Big Ben is still firmly entrenched as the starter, but his backups have changed quite dramatically. Bruce Gradkowski spent the last two seasons in Cincinnati backing up Andy Dalton. While Gradkowski hasn’t started a game since his 2010 season with the Oakland Raiders, he represents a big upgrade over the combination of 38-year-old Charlie Batch and injury-prone Byron Leftwich. The Steelers also drafted University of Oklahoma quarterback Landry Jones. With both Roethlisberger and Gradkowski in their 30s, the Steelers wanted a young quarterback to follow the veterans. Hopefully Gradkowski and Landry don’t see the field this season, but with Roethlisberger having not started a full season since 2008, they will likely be called on at some point.
Last year, running back Rashard Mendenhall was rehabbing a torn ACL suffered during the regular season finale of the 2011 campaign. He missed the first six games of the season and was quickly injured and out again until November. By that time, backups Isaac Redman and Jonathan Dwyer had combined to deliver a solid game even while battling injuries of their own. Due to Mendenhall’s displeasure with being replaced, the team let him leave in free agency and drafted Le’Veon Bell in the second round.
Unfortunately, the Pittsburgh running backs have been bit by the injury bug again, with Redman and Bell out. To compensate, the Steelers picked up LaRod Stephens-Howling to be the third down back and traded for former Dallas Cowboys first-round pick Felix Jones, who had been training with the Philadelphia Eagles.
The Steelers are currently without both their top wide out and tight end from last season. They lost wide receiver Mike Wallace through restricted free agency to the Miami Dolphins, leaving Emmanuel Sanders and Antonio Brown to pick up the slack. Plaxico Burress was hoping to make a contribution as the third receiver, but a torn rotator cuff has knocked him out for at least the season. Tight end Heath Miller has been injured for most of training camp but is due to return sometime in September.
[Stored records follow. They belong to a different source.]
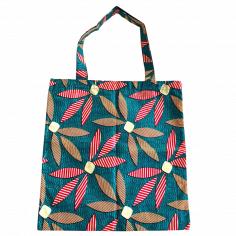 Lisette bag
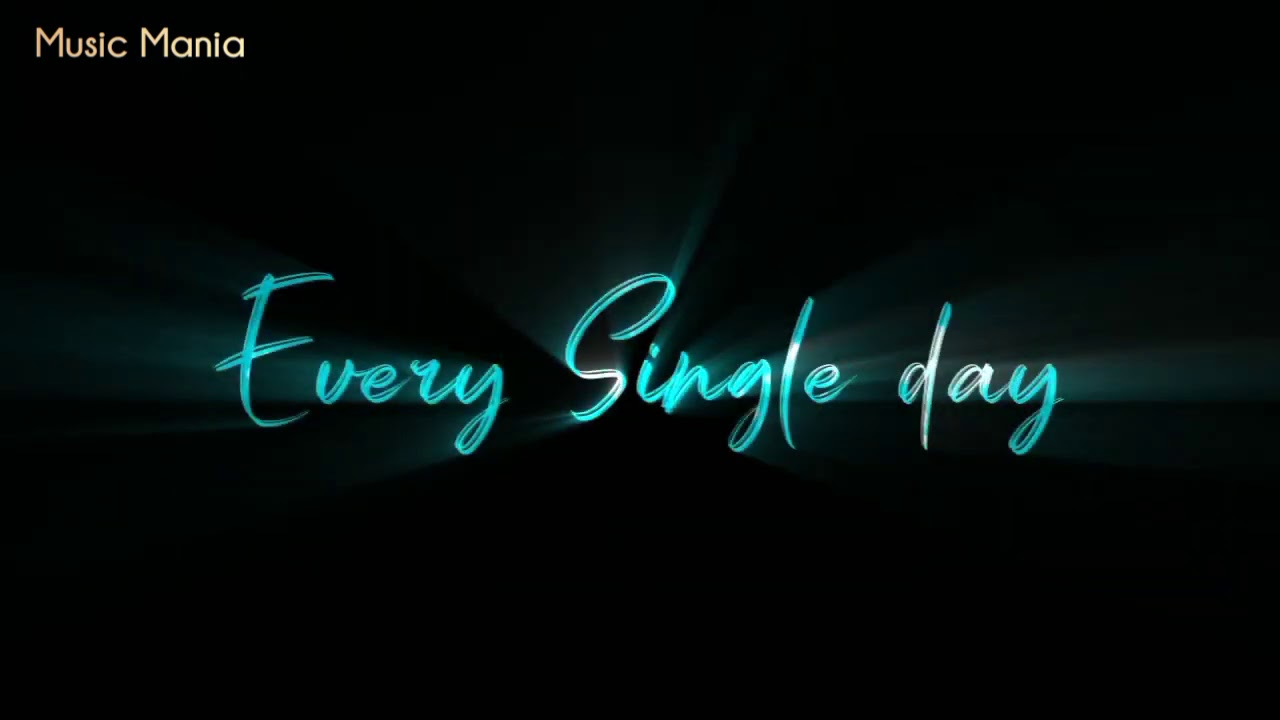English Version Lyrics Status Love Status Song 💝 Whatsapp Status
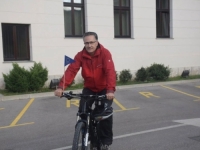 NASTAVLJA SE TREND: Božo Ćorić uzeo gotovo 20.000 KM otpremnine pa postao Kordićev savjetnik
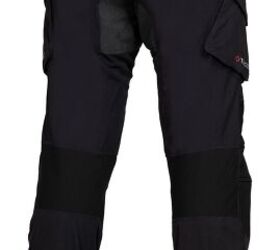 ixs-introduces-the-tour-pants-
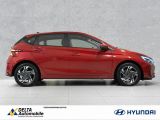 Hyundai i20 bei Sportwagen.expert - Abbildung (10 / 15)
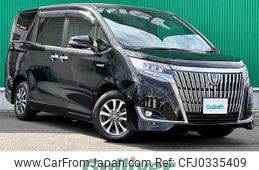 toyota esquire 2018 -TOYOTA--Esquire DAA-ZWR80G--ZWR80-0361551---TOYOTA--Esquire DAA-ZWR80G--ZWR80-0361551-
Until then, former Chicago Bear starter Matt Spaeth and last year’s seventh-round pick David Paulson will fill in.
The main difference between this year’s offensive line and last season’s is health. The same five linemen starting this year would have been starters last year if not for injury. Left guard Ramon Foster and center Maurkice Pouncey were the only healthy starters for the majority of last season. Second-year right guard David DeCastro missed most of his rookie season with an injured right knee, second-year left tackle Mike Adams missed time with an ankle injury, and third-year right tackle Marcus Gilbert missed time with a severe ankle injury. This group of guys should give Big Ben the best protection he’s had in a while, if they remain healthy.
The defensive line was one of the few consistent positions for the Steelers, with only nose tackle Casey Hampton leaving from last year’s main rotation. Pittsburgh is counting on Steve McLendon to fill Hampton’s very large shoes. Defensive ends Ziggy Hood, Brett Keisel, and Cameron Heyward are all returning and hoping to build on one of the few bright spots left from last season.
The Steelers’ linebacking corps has been one of the strengths in recent years. Arguably their best outside linebacker, James Harrison, left this off-season after declining performance. He signed with division rival Cincinnati and is trying to revive his career. Otherwise, the Steelers still have a great group of linebackers with LaMarr Woodley, Larry Foote, Lawrence Timmons, and Jason Worilds. The only real worry for Pittsburgh is keeping these veterans healthy since their only comprable backup is rookie Jarvis Jones.
Similar to the linebacker position, the Steelers didn’t lose much in their secondary. The main loss was backup safety Will Allen to the Cowboys. Otherwise, Pittsburgh just benefited from getting starting corner Ike Taylor and nickel corner Curtis Brown back from season-ending injuries. Going forward, this position could turn from a strength to a weakness with perennial Pro Bowler Troy Polamalu nearing the end of his career and Taylor turning 34 next off-season. There isn’t much depth at either position, but Ryan Mundy was picked up from the New York Giants this off-season to try and ease the transition.
Overall, most of the Steelers’ roster changes are on the offensive side of the ball, with the defense hoping to bounce back after an injury-filled season. But the defense is aging and each year comes closer and closer losing their edge.